Skip Johnson’s Obsessive Road to Repeat Glory
After guiding Oklahoma baseball to its first national title since 1994 with a 13-2 College World Series win over North Carolina, head coach Skip Johnson barely paused for celebration. He rewatched the final nine innings upon returning to Norman and promptly sank back into work preparing for 2027. With key contributors like Dayton Tockey, Trey Gambill and Jackson Cleveland out of eligibility—and several players eyeing the MLB Draft—Johnson has scoured the transfer portal, landing former SEC standouts such as Carson Brumbaugh, Sawyer Farr and Jay Abernathy. His message is simple: savor the championship only long enough to plot “doing it again.”

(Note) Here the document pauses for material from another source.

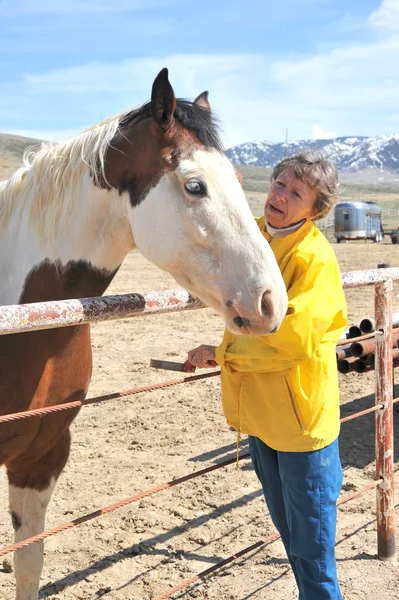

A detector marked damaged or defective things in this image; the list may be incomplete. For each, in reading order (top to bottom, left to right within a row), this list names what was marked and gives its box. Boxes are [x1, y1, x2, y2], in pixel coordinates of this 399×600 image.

rusty metal fence [0, 268, 398, 596]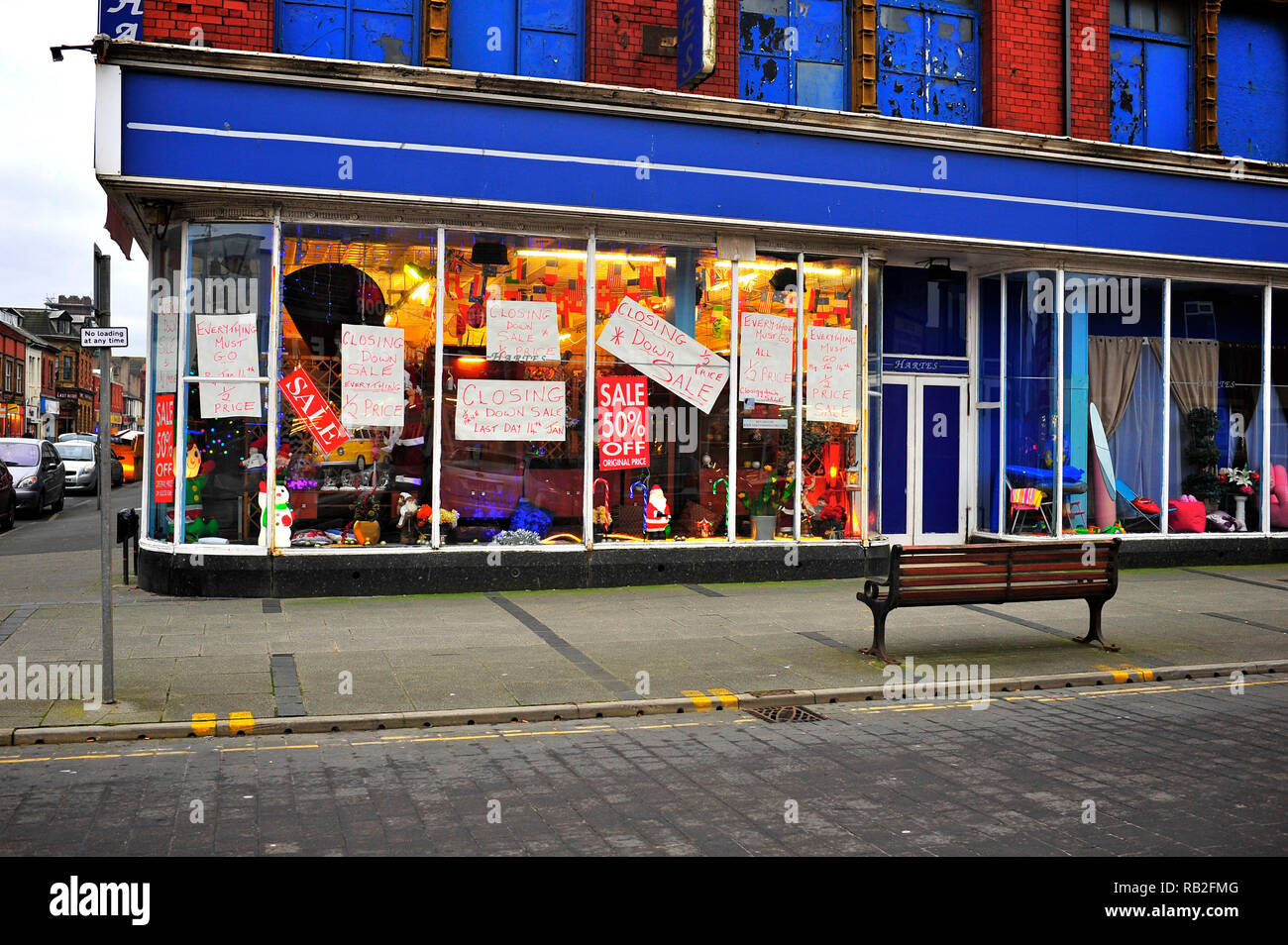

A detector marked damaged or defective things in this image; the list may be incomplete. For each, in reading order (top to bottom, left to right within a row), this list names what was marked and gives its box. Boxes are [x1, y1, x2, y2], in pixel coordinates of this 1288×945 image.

peeling blue paint [881, 0, 978, 127]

Nothing says “relax” like falling asleep with a hefty wad of Copenhagen in your cheek and a spreadsheet of transfer targets glowing on your phone. Skip Johnson’s offseason looks like the baseball equivalent of a sleep-deprived Wall Street trader monitoring the Dow. Sure, champions deserve a parade, but Johnson apparently thinks a victory lap is just another lap around the practice field—preferably at 3 a.m., under the stadium lights, with a motivational PowerPoint queued up.
Sooners’ Gritty SEC Gauntlet: Hoops Home & Away
Oklahoma basketball coach Porter Moser’s SEC slate is set. The Sooners will host Texas, Missouri, Georgia, Kentucky, LSU, Mississippi State, South Carolina, Tennessee and Vanderbilt at the Lloyd Noble Center, then travel to Alabama, Arkansas, Auburn, Florida, Ole Miss and Texas A&M. Conference play runs Jan. 2–March 6 ahead of the SEC Tournament in Nashville. Non-conference highlights include matchups with Pittsburgh and Purdue at the Fort Myers Tip-Off, an Arizona State game in Tulsa, and the Bedlam rivalry versus Oklahoma State in Oklahoma City. OU has also bolstered its roster with portal additions and aims to return to March Madness—now expanded to 76 teams—with key returnees and new talent from UCF, Utah Valley, Texas Tech, Creighton and beyond.
Yes, fans, pencil every single date onto your calendars printed on actual stone tablets, because the SEC slog will feel like dragging a grand piano up a mountain in ski boots. Porter Moser’s master plan apparently involves juggling Xavier Brown’s jump shot, Kai Rogers’s defensive hustle and a motley crew of portal imports while simultaneously convincing the selection committee that 76 tourney spots weren’t enough—because the Sooners absolutely deserve one. Can’t wait for tip-off when everyone will act surprised if they lose to Vanderbilt.